Word for word, set down the entries below.

> Extracted records
####
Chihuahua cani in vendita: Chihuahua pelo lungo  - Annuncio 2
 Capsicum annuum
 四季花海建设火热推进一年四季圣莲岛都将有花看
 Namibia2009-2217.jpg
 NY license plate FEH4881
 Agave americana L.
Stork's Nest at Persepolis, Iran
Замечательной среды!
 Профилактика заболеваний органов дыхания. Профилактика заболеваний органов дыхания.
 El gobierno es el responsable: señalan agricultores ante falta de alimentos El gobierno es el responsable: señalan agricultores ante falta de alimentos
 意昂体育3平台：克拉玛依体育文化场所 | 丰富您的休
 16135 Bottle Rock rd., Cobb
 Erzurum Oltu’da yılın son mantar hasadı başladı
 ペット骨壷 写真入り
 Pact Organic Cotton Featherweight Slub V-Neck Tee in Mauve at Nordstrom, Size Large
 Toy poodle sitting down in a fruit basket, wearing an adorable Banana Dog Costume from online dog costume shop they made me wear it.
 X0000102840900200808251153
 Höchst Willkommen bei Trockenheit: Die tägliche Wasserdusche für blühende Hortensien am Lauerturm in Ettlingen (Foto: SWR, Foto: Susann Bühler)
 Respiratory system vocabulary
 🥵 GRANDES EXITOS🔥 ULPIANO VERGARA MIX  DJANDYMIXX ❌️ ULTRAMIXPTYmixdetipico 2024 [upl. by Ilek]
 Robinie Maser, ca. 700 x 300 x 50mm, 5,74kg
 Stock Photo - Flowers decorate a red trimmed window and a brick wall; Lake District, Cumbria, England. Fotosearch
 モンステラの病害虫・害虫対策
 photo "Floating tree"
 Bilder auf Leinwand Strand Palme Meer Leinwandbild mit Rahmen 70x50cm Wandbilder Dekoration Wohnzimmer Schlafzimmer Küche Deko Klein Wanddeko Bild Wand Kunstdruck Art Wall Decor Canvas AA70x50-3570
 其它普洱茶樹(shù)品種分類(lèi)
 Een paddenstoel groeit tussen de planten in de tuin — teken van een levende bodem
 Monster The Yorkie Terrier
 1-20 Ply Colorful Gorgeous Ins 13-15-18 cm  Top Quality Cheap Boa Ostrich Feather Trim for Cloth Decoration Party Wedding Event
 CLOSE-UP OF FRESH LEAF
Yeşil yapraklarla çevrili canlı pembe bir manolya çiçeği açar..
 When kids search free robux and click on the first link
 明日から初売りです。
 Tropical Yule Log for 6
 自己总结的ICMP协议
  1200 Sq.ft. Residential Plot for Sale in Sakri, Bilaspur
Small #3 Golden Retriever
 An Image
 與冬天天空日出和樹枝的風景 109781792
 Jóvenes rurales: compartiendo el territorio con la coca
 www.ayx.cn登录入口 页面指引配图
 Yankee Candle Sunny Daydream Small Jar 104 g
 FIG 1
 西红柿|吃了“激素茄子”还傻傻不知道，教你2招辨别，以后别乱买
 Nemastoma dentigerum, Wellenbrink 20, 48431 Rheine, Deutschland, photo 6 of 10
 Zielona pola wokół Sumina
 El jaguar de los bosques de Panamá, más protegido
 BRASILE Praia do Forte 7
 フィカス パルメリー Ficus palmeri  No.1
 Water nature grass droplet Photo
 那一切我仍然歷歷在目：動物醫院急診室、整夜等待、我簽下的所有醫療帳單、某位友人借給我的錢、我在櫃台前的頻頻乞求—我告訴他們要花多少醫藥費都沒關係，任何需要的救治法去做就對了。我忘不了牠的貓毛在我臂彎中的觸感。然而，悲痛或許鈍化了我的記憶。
####
> Written response
Chihuahua cani in vendita: Chihuahua pelo lungo  - Annuncio 2
 Capsicum annuum
 四季花海建设火热推进一年四季圣莲岛都将有花看
 Namibia2009-2217.jpg
 NY license plate FEH4881
 Agave americana L.
Stork's Nest at Persepolis, Iran
Замечательной среды!
 Профилактика заболеваний органов дыхания. Профилактика заболеваний органов дыхания.
 El gobierno es el responsable: señalan agricultores ante falta de alimentos El gobierno es el responsable: señalan agricultores ante falta de alimentos
 意昂体育3平台：克拉玛依体育文化场所 | 丰富您的休
 16135 Bottle Rock rd., Cobb
 Erzurum Oltu’da yılın son mantar hasadı başladı
 ペット骨壷 写真入り
 Pact Organic Cotton Featherweight Slub V-Neck Tee in Mauve at Nordstrom, Size Large
 Toy poodle sitting down in a fruit basket, wearing an adorable Banana Dog Costume from online dog costume shop they made me wear it.
 X0000102840900200808251153
 Höchst Willkommen bei Trockenheit: Die tägliche Wasserdusche für blühende Hortensien am Lauerturm in Ettlingen (Foto: SWR, Foto: Susann Bühler)
 Respiratory system vocabulary
 🥵 GRANDES EXITOS🔥 ULPIANO VERGARA MIX  DJANDYMIXX ❌️ ULTRAMIXPTYmixdetipico 2024 [upl. by Ilek]
 Robinie Maser, ca. 700 x 300 x 50mm, 5,74kg
 Stock Photo - Flowers decorate a red trimmed window and a brick wall; Lake District, Cumbria, England. Fotosearch
 モンステラの病害虫・害虫対策
 photo "Floating tree"
 Bilder auf Leinwand Strand Palme Meer Leinwandbild mit Rahmen 70x50cm Wandbilder Dekoration Wohnzimmer Schlafzimmer Küche Deko Klein Wanddeko Bild Wand Kunstdruck Art Wall Decor Canvas AA70x50-3570
 其它普洱茶樹(shù)品種分類(lèi)
 Een paddenstoel groeit tussen de planten in de tuin — teken van een levende bodem
 Monster The Yorkie Terrier
 1-20 Ply Colorful Gorgeous Ins 13-15-18 cm  Top Quality Cheap Boa Ostrich Feather Trim for Cloth Decoration Party Wedding Event
 CLOSE-UP OF FRESH LEAF
Yeşil yapraklarla çevrili canlı pembe bir manolya çiçeği açar..
 When kids search free robux and click on the first link
 明日から初売りです。
 Tropical Yule Log for 6
 自己总结的ICMP协议
  1200 Sq.ft. Residential Plot for Sale in Sakri, Bilaspur
Small #3 Golden Retriever
 An Image
 與冬天天空日出和樹枝的風景 109781792
 Jóvenes rurales: compartiendo el territorio con la coca
 www.ayx.cn登录入口 页面指引配图
 Yankee Candle Sunny Daydream Small Jar 104 g
 FIG 1
 西红柿|吃了“激素茄子”还傻傻不知道，教你2招辨别，以后别乱买
 Nemastoma dentigerum, Wellenbrink 20, 48431 Rheine, Deutschland, photo 6 of 10
 Zielona pola wokół Sumina
 El jaguar de los bosques de Panamá, más protegido
 BRASILE Praia do Forte 7
 フィカス パルメリー Ficus palmeri  No.1
 Water nature grass droplet Photo
 那一切我仍然歷歷在目：動物醫院急診室、整夜等待、我簽下的所有醫療帳單、某位友人借給我的錢、我在櫃台前的頻頻乞求—我告訴他們要花多少醫藥費都沒關係，任何需要的救治法去做就對了。我忘不了牠的貓毛在我臂彎中的觸感。然而，悲痛或許鈍化了我的記憶。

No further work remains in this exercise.